We are approaching 1 million recorded crystal structures (actually, around 716,000 in the CCDC and just over 300,00 in COD). One delight with having this wealth of information is the simple little explorations that can take just a minute or so to do. This one was sparked by my helping a colleague update a set of interactive lecture demos dealing with stereochemistry. Three of the examples included molecules where chirality originates in stereogenic centres with just three attached groups. An example might be a sulfoxide, for which the priority rule is to assign the lone pair present with atomic number zero. The issue then arises as to whether this centre is configurationally stable, i.e. does it invert in an umbrella motion slowly or quickly.  My initial intention was to see if crystal structures could cast any light at all on this aspect.


Central atom has three bonded atoms as C, of which either all three must themselves have four attached atoms, or one can have just three attached atoms as shown above, along with acyclic character for the three bonds attached to the central atom, R ≤ 0.1, not disordered and no errors.

Using the search definition above for R3N one gets the result below. It shows a hot spot for an angle subtended at the nitrogen of ~111°, indicating a pyramidal nitrogen. But how easily is that perturbed? (which is almost like asking how easily can it invert its configuration?).

R3N, all sp3 attached carbons

A perturbation can be applied by changing just one of the attached carbons as having three attached atoms of its own (sp2 hybridised). The response is that the hot spot moves to 120° (below). Of course now this includes compounds such as amides and the like. But we have learnt that it takes just one such attached sp2 hybridised carbon to planarize an adjacent nitrogen.

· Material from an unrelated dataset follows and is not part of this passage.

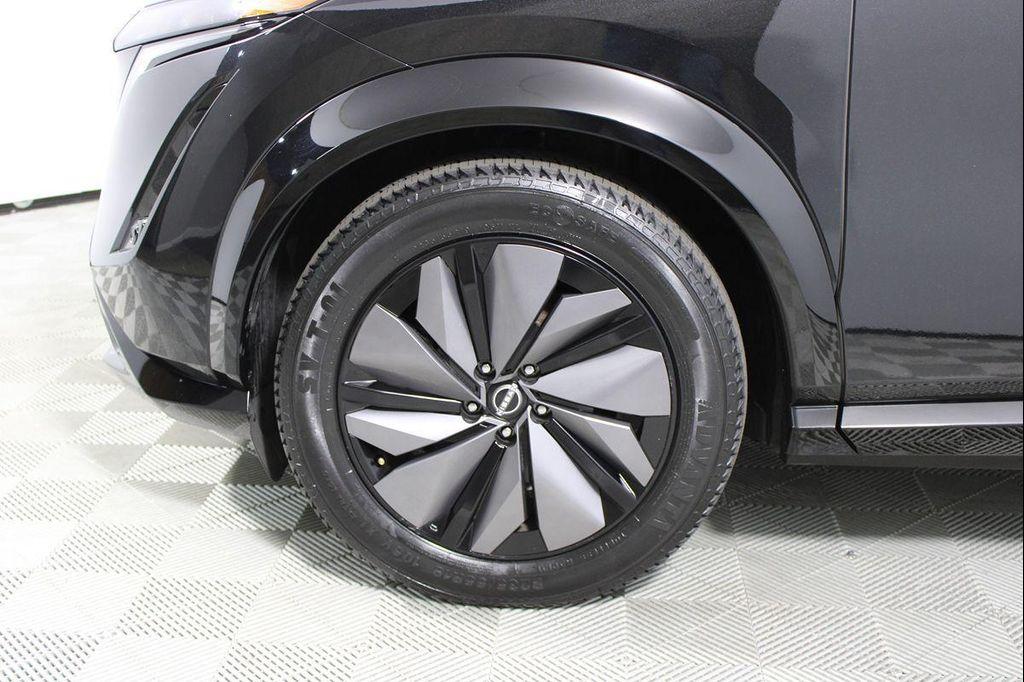 used 2024 Nissan ARIYA car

The control experiment will now be to apply the same test to a P. The hot spot moves from ~99° (P with three sp3 carbons attached) to ~103° (P with two sp3 and one sp2). This reminds us that the overlap and energy-match between a p-orbital on carbon to an adjacent p-orbital on nitrogen is good, whereas the same overlap/energy match to a p-orbital on P is significantly less so.

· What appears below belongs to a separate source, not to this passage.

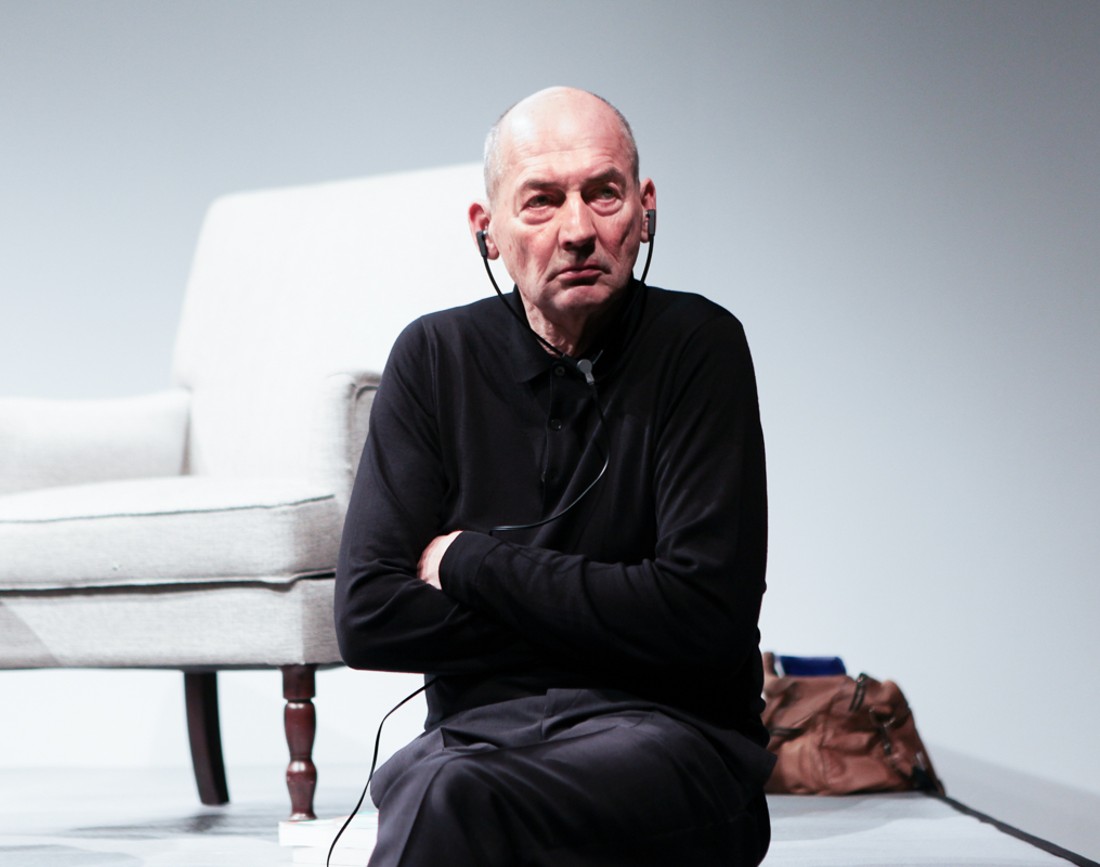 Rem Koolhaas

One gets the same result when the central atom is S; the hotspot moves from ~102° to ~105°. Unfortunately, not enough compounds are known for a tri-substituted oxygen compounds to see how this element responds.


My point in illustrating these statistics is to show how much text-book chemistry can be recovered simply by a few quick explorations of crystal structures. One could even argue that much introductory chemistry could be taught by reference to the statistics of such structures.


This post has been cross-posted in PDF format at Authorea.